Corrió entre humo, vidrios y fuego. Dentro, el aire era irrespirable, pero alcanzó a distinguir a un hombre envuelto en llamas: Marcos Segundo, el paquetero de 81 años.
“Entre los vidrios rotos lo saqué como pude, lo arrastré. Afuera, una señora me ayudó, entre los dos lo jalamos. El señor gritaba, todavía se movía”, cuenta aún con el terror en su rostro.
Quiso volver por Johana, pero el humo lo envolvía. A su alrededor, el calor se volvía insoportable y las llamas eran cada vez más altas. Había autos incendiándose.
No confiaban en él
Detrás de él, alguien gritó. Y no para animarlo. “Me gritaron “¡Zorra! ¡Te vas a meter a robar!”, recuerda con tristeza. “Yo nomás quería salvar gente, pero me juzgaron por cómo me veo. Me dolió, la neta me agüitó machín. En lugar de ayudar, estaban grabando con el teléfono. Nadie se quiso meter”. Su voz se quiebra cuando recuerda aquel momento.

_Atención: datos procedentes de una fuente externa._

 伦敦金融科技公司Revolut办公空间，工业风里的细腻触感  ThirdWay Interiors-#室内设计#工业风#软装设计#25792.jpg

Él solo quería ayudar, pero lo juzgaron por su ropa, por su rostro, por no parecer un héroe.
Llegaron los bomberos
Los bomberos llegaron poco después. No había máscaras, ni trajes térmicos, ni oxígeno suficiente para entrar. Frente a ellos, el fuego era más grande que sus recursos, más grande que su fuerza.
A su alrededor, una multitud inmóvil seguía grabando. Nadie se movía. Nadie gritaba un nombre. Solo Ernesto cruzó el fuego porque el corazón se lo ordenó.
Mientras los bomberos aguardaban órdenes, él ya había hecho lo que debía. Lloró ahí, entre sirenas y gritos, viendo cómo las llamas devoraban el edificio.
Entonces suplicó a los bomberos: “¡Mójame! ¡mójame! Todavía había gente adentro, estaban llorando y gritando”, recuerda.
“Me gritaron que me hiciera a un lado. Uno hasta me mentó la madre. Yo nomás quería ayudar”.
Ernesto se quedó parado, impotente, viendo cómo el fuego devoraba el Waldos. Lloró de rabia y pena por esa joven que lo había tratado con respeto un día antes y que ahora yacía entre los escombros.